Justice Department intervening to do the President’s personal bidding yet again

Yet we wonder how Trump voters will react to the latest outlandish legal action by the President. Or if they’ll react at all…

Even we will admit the outrage we feel right now is tempered by the sense that this will end up being no more than just another distraction. But one day–and it’s got to be soon–maybe people will start adding all this kind of stuff up until they have no choice but to be convinced it just isn’t normal or right. Right?

If you haven’t heard by now, the Justice Department is taking over defense of a civil suit against the President. In other words, the U.S. government will be Trump’s lawyer now in an alleged rape-related defamation case against him, not his own personal lawyers.

It’s a little complicated because the case is not expressly about the accusation of rape against Trump that allegedly occurred 20 years ago in a dressing room at a now defunct New York department store.

It’s about the fact that Trump accused his accuser, E. Jean Carroll, of “totally lying”, and claimed “I have no idea who she is.” Even though as seems to always be the case, there’s a photo of them together, which she included in a New York Magazine article last year detailing what she says happened with Trump.
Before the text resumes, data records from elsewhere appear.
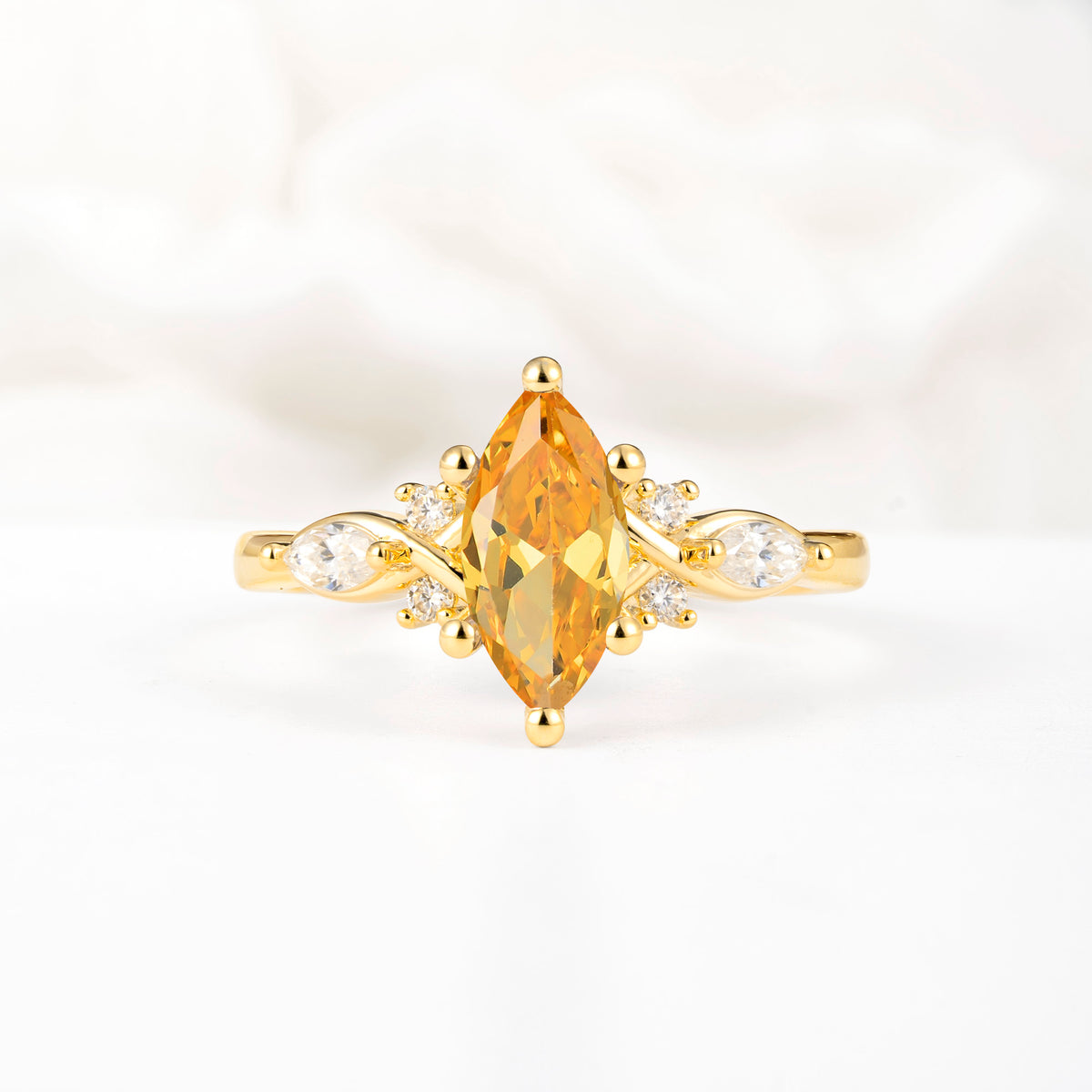 Classic Marquise Cut Side Accent Twisted Shank Citrine Engagement Ring - Additional view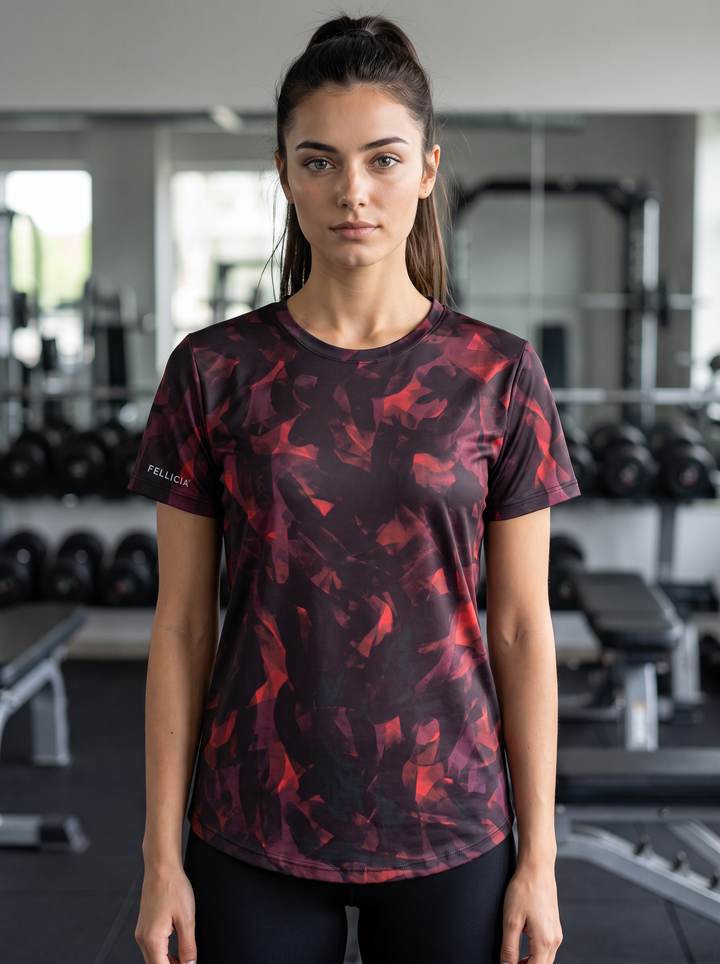Active T-Shirt for Women - Burgandy Maze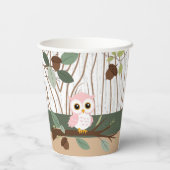 かわいいピンクのフクロウの森の赤ちゃんシャワー 紙コップ (裏面)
So she sued him for defamation. Trump threw in for good measure as further “proof” he didn’t do it that Carroll is “not my type” anyhow. Or how he actually put it in an interview with The Hill more clearly establishes his priorities:

Number one, she’s not my type. Number two, it never happened. It never happened, OK?”

Yet his accuser presented a strong enough case that a judge did not see it as a nuisance, and in fact compelled Trump to cooperate, and refused to further delay his involvement. To the point at which he’d just about run out of legal options in state court.
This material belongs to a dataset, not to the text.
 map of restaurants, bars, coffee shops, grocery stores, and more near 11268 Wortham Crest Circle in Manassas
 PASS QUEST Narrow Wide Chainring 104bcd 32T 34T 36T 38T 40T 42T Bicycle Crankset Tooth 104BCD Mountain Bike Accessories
So in comes the Justice Department to whisk it away to federal court, and for the moment also shush it up and sweep it under the rug.
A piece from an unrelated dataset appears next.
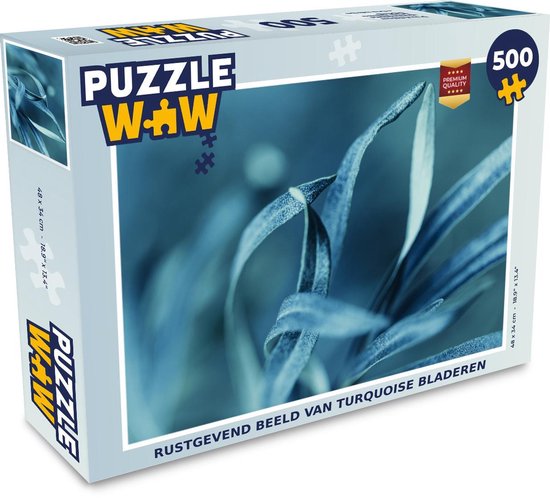 Puzzel Rustgevend beeld van turquoise bladeren - Legpuzzel - Puzzel 500  stukjes | bol.com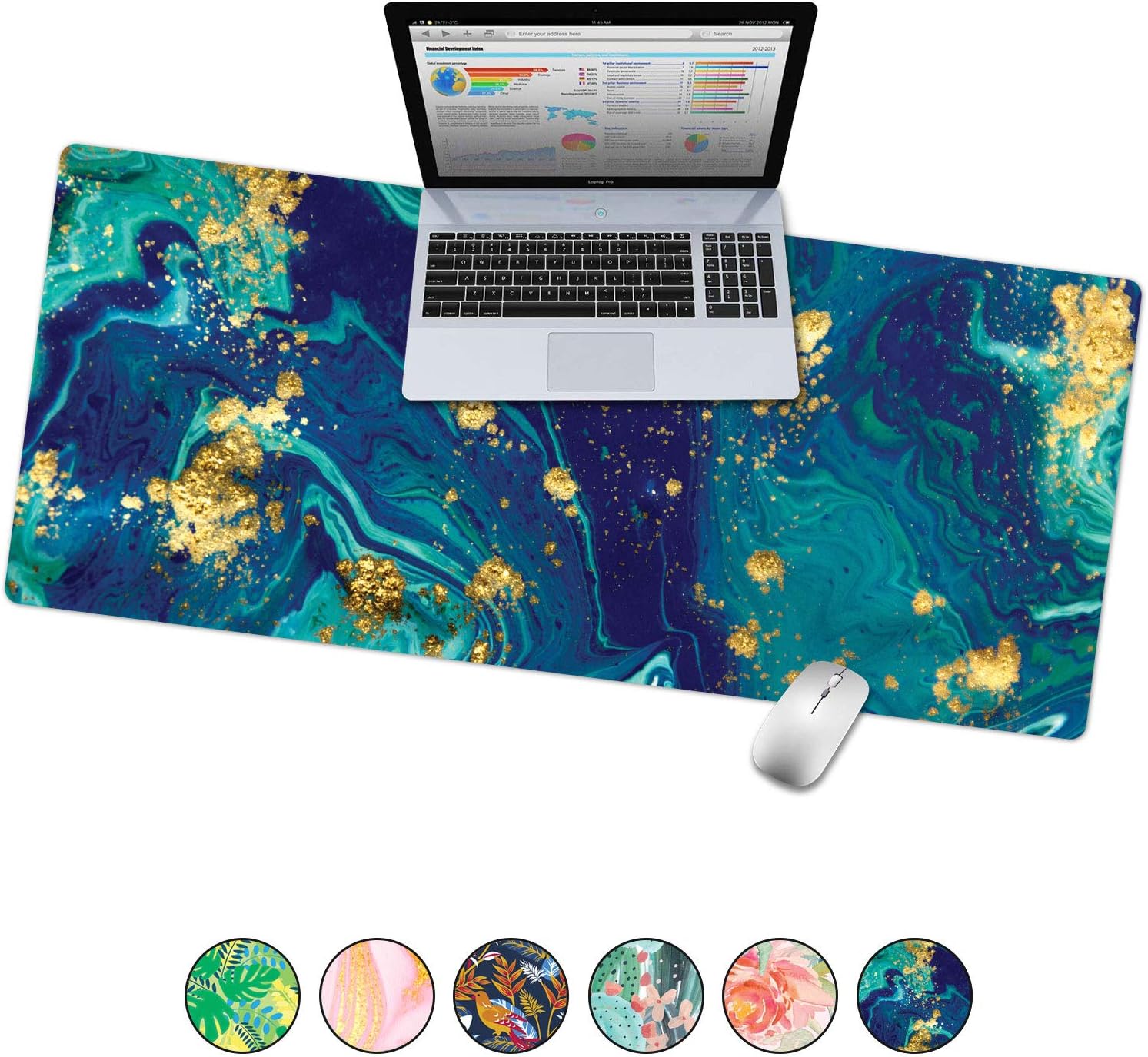 French Koko Large Mouse Pad, Desk Mat, Keyboard Pad, Desktop Home Office School Cute Decor Big Extended Laptop Protector Computer Accessories Pretty Mousepad Women Girls XL 31"x15"(Cute Cactus): Home Audio & Theater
That means taxpayers will be paying from now on for Trump’s defense, not Trump. And in fact, taxpayers will become the defendant, once Trump’s name is replaced with “United States”.

And while Trump always has considerable legal resources at his disposal, given how litigious he tends to be, now his resources become unlimited. And anyway, he’s more or less off the hook.

We’re not lawyers, but even if the applicable law—in this case—the “Federal Torts Claim Act” is twisted but still somehow legitimately applied here, it appears to be yet another instance where whomever wrote that law never imagined anyone would possibly contort it to use it in the way Trump is, and therefore did not expressly address this specific circumstance when they were drawing it up, because the possibility did not even enter their imagination.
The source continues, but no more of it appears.